Dopo tutto era possibile che sua madre avesse ragione? Nella maggior parte dei casi, quando delle divergenze d’opinione erano sorte in passato, lei aveva avuto ragione. Se egli era un nuovo maestro e non il Messia, allora come avrebbe potuto riconoscere il Messia ebreo se costui fosse apparso a Gerusalemme durante il tempo della sua missione terrena; e quali sarebbero state allora le sue relazioni con questo Messia ebreo? E quali sarebbero stati i rapporti con la sua famiglia dopo che si fosse impegnato nella missione della sua vita? Con la religione e la comunità ebraica? Con l’Impero Romano? Con i Gentili e le loro religioni? Il giovane galileo rigirava nella sua mente ciascuno di questi cruciali problemi e vi rifletteva seriamente mentre continuava a lavorare al banco di carpentiere, guadagnando laboriosamente da vivere per sé, per sua madre e per le altre otto bocche affamate.

126:3.12

Prima della fine di quest’anno Maria si rese conto che i fondi della famiglia diminuivano. Essa affidò la vendita dei piccioni a Giacomo.
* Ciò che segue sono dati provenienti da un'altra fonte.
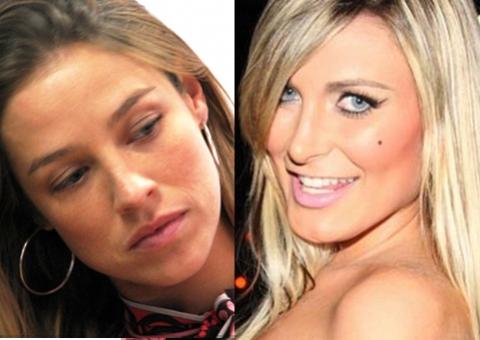Luana Piovani e Andressa Urach trocam farpas pelo twitter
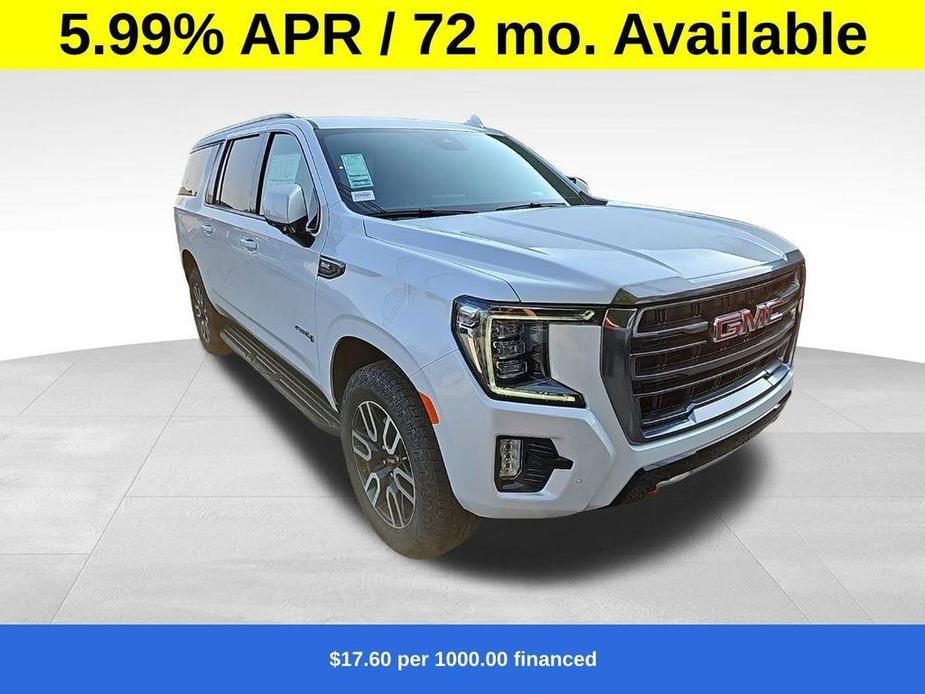 new 2024 GMC Yukon XL car, priced at $75,178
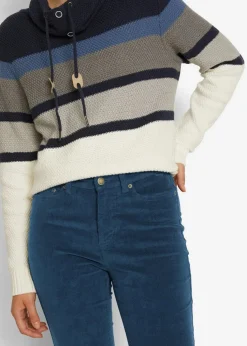 Stretch-Cordhose, Skinny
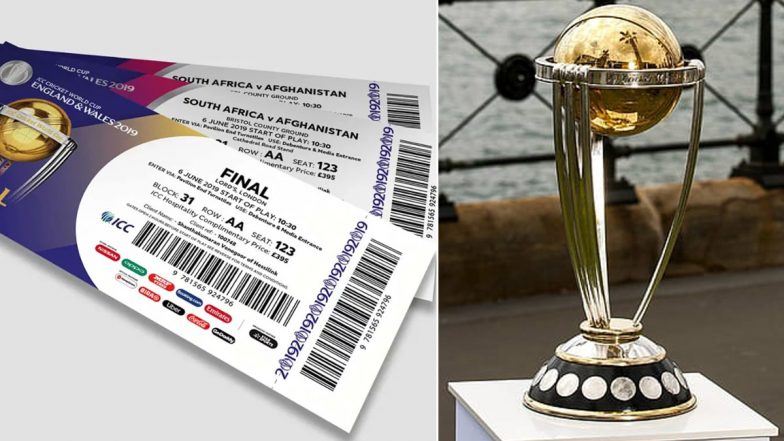 ICC World Cup Tickets on Sale: বিশ্বকাপ ফাইনাল-সেমিফাইনালের টিকিটের বিক্রি শুরু আজ থেকে; জানুন পদ্ধতি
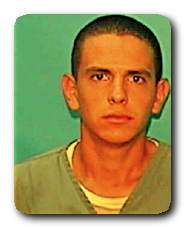 Inmate MARGARITO MARES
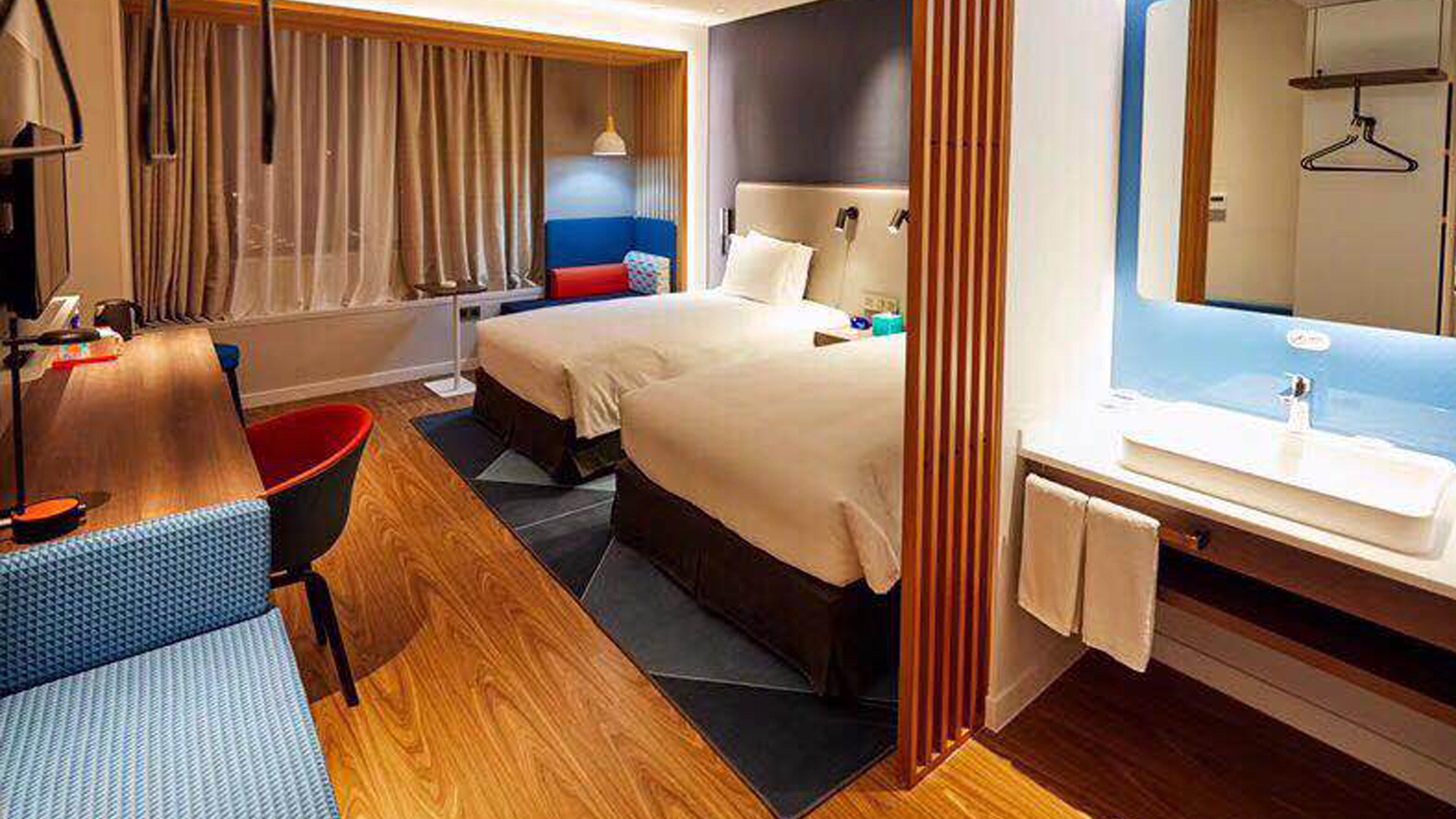 Holiday Inn Express Shijiazhuang High-Tech Zone By Ihg Экстерьер фото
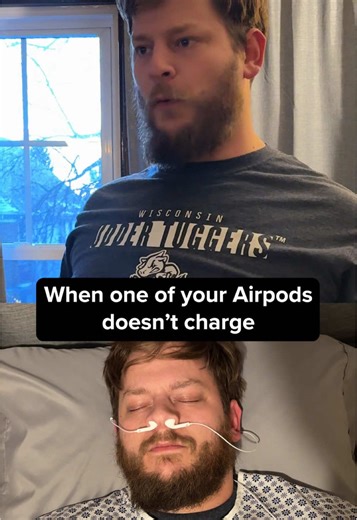 Every Dang Time: A Hilarious AirPods Comedy Sketch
Ben presto essi acquistarono una seconda mucca e, con l’aiuto di Miriam, cominciarono a vendere latte ai loro vicini di Nazaret.

126:3.13

I suoi periodi di profonda meditazione, i suoi frequenti spostamenti per pregare sulla sommità della collina e le molte strane idee che Gesù enunciava di tanto in tanto, allarmarono profondamente sua madre. Talvolta essa pensava che il ragazzo fosse fuori di sé, e poi dominava il suo timore ricordandosi che egli era dopotutto un figlio della promessa e che era sotto molti aspetti differente dagli altri giovani.

126:3.14

Ma Gesù aveva imparato a non esprimere tutti i suoi pensieri, a non esporre tutte le sue idee agli altri, nemmeno alla sua stessa madre. A partire da quest’anno Gesù limitò costantemente la divulgazione di quanto passava per la sua mente; cioè, egli parlò meno di quelle cose che una persona normale non poteva afferrare e che rischiavano di farlo considerare come bizzarro o differente dalla gente comune. Secondo tutte le apparenze egli divenne ordinario e convenzionale, sebbene desiderasse qualcuno che potesse comprendere i suoi problemi. Egli anelava ad avere un amico fedele e degno di fiducia, ma i suoi problemi erano troppo complessi per essere compresi dai suoi compagni umani. La singolarità di questa situazione eccezionale lo induceva a portare il suo fardello da solo.